▶ [TASK] Print exactly the lines below between the line containing "Immagine prodotto VidaXL" and the line containing "Originele zeldzame Taito", counting both of those lines. Leave pictures out.

▶ [SOURCE MATERIAL]
==*==

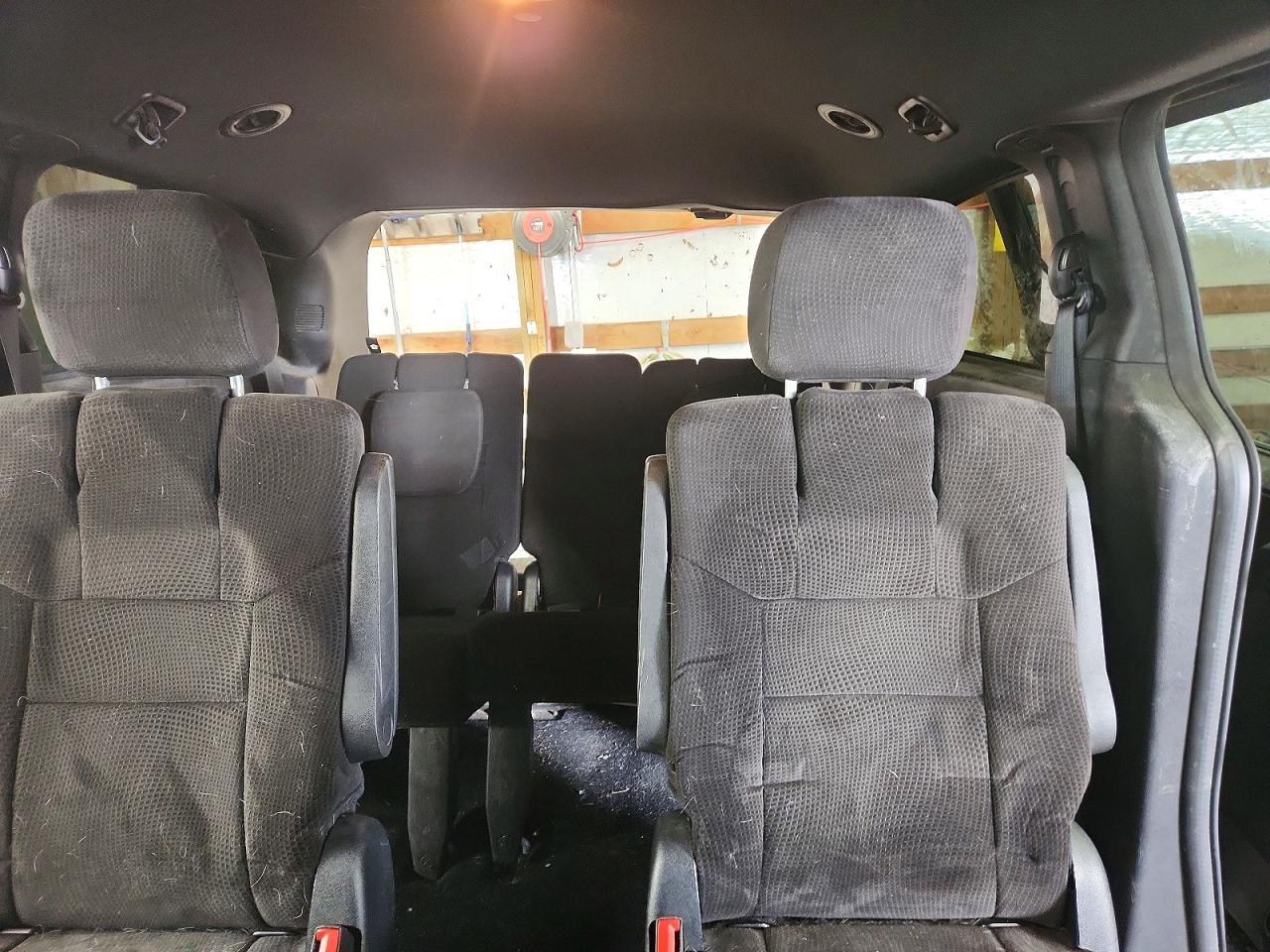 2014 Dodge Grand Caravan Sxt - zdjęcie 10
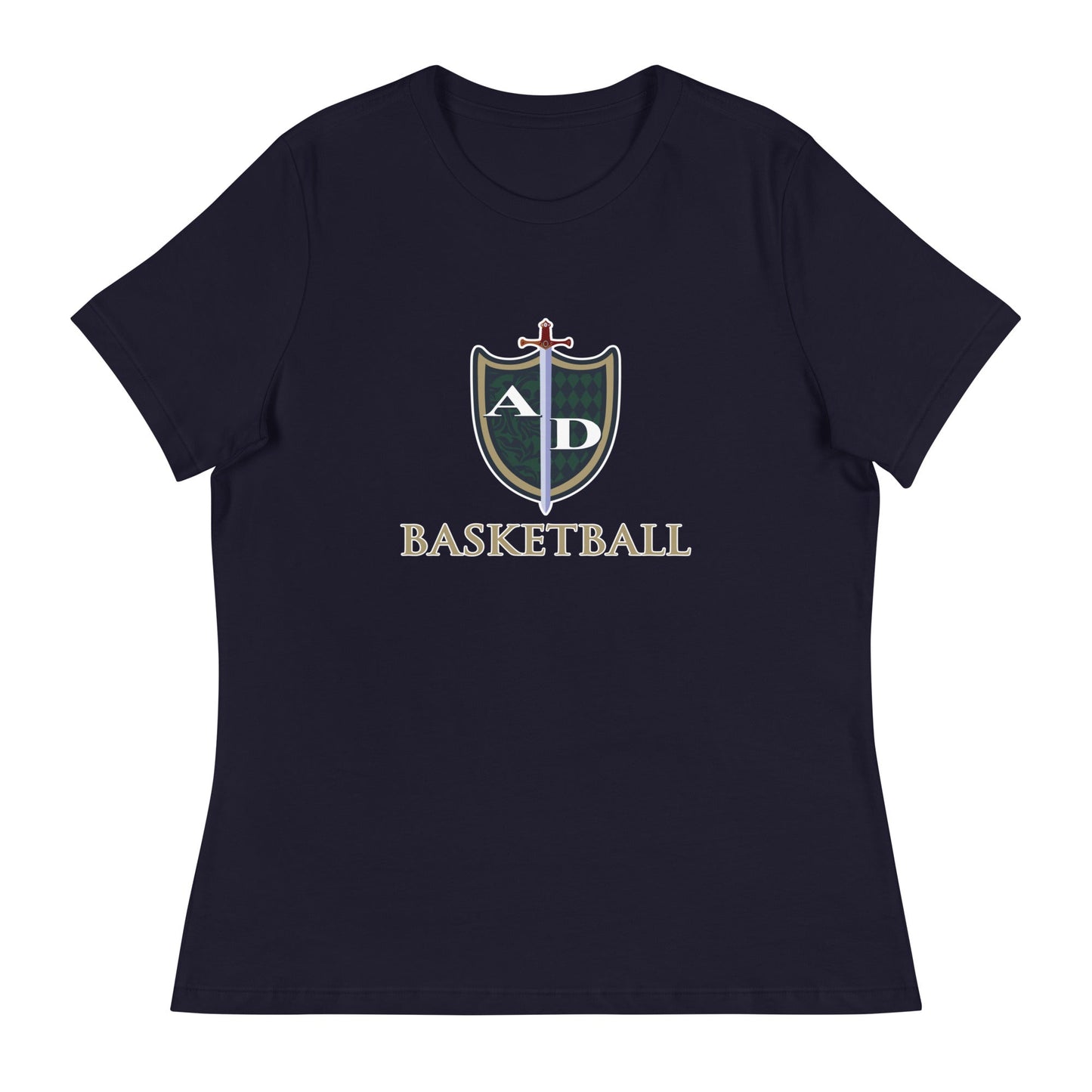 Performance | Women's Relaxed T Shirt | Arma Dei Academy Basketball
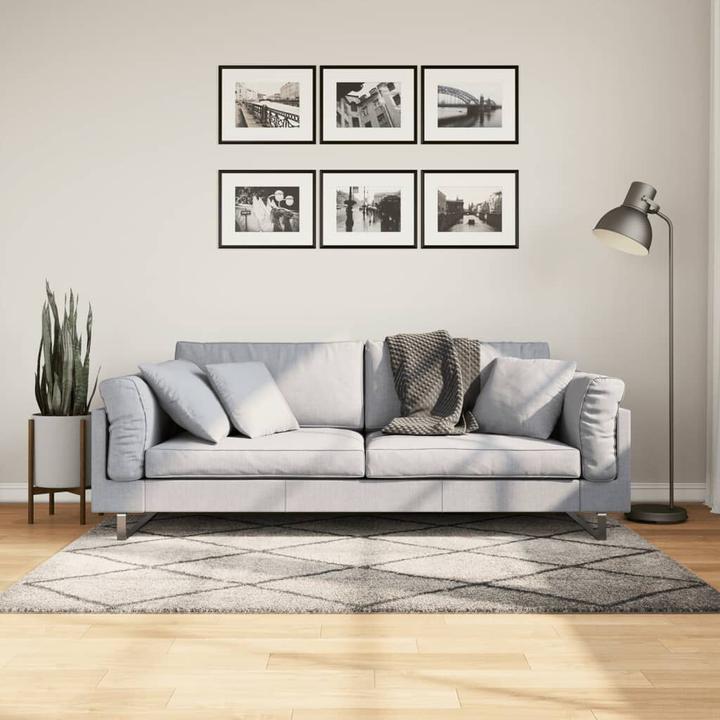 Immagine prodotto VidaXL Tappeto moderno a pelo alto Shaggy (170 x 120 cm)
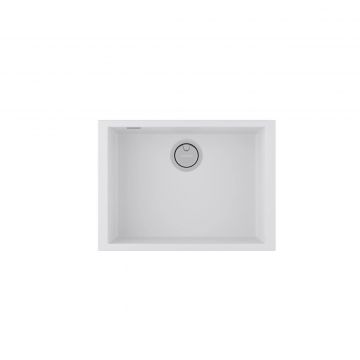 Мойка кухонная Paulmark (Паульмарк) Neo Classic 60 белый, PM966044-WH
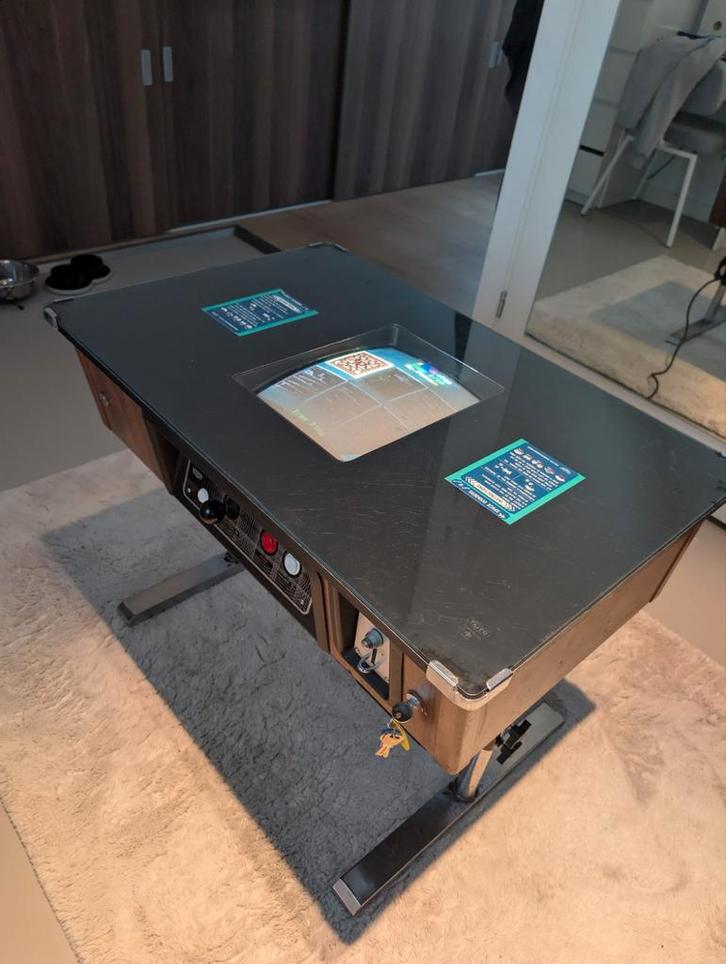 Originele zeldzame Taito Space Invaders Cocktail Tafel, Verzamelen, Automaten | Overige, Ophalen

==*==

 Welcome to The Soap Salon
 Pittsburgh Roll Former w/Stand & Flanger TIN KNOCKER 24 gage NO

==*==

▶ [OUTPUT BELOW]
 Immagine prodotto VidaXL Tappeto moderno a pelo alto Shaggy (170 x 120 cm)
 Мойка кухонная Paulmark (Паульмарк) Neo Classic 60 белый, PM966044-WH
 Originele zeldzame Taito Space Invaders Cocktail Tafel, Verzamelen, Automaten | Overige, Ophalen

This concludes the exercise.